Required work:
Look through the records below for the line with "Karuppu Box Office" and the line with "Prolunga per camini a tetto Truma • 150 mm", then return those lines and all lines between, exactly.

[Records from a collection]

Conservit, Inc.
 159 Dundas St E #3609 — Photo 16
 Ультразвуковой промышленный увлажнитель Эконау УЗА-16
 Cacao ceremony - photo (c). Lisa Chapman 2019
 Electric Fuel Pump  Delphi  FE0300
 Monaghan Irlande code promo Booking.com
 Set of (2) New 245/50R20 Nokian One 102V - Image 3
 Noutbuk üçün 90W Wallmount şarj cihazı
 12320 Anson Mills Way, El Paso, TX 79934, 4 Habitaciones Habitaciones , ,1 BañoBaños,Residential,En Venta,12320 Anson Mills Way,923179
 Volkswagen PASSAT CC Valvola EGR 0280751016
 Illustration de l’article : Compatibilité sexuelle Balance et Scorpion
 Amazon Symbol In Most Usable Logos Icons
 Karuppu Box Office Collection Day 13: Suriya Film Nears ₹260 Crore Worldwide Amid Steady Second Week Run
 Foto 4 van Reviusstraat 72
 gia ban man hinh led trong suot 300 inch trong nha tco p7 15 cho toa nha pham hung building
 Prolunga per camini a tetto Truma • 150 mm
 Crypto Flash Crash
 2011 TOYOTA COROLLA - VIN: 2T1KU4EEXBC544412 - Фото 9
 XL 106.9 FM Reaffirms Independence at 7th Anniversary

Solution to this task:
 Karuppu Box Office Collection Day 13: Suriya Film Nears ₹260 Crore Worldwide Amid Steady Second Week Run
 Foto 4 van Reviusstraat 72
 gia ban man hinh led trong suot 300 inch trong nha tco p7 15 cho toa nha pham hung building
 Prolunga per camini a tetto Truma • 150 mm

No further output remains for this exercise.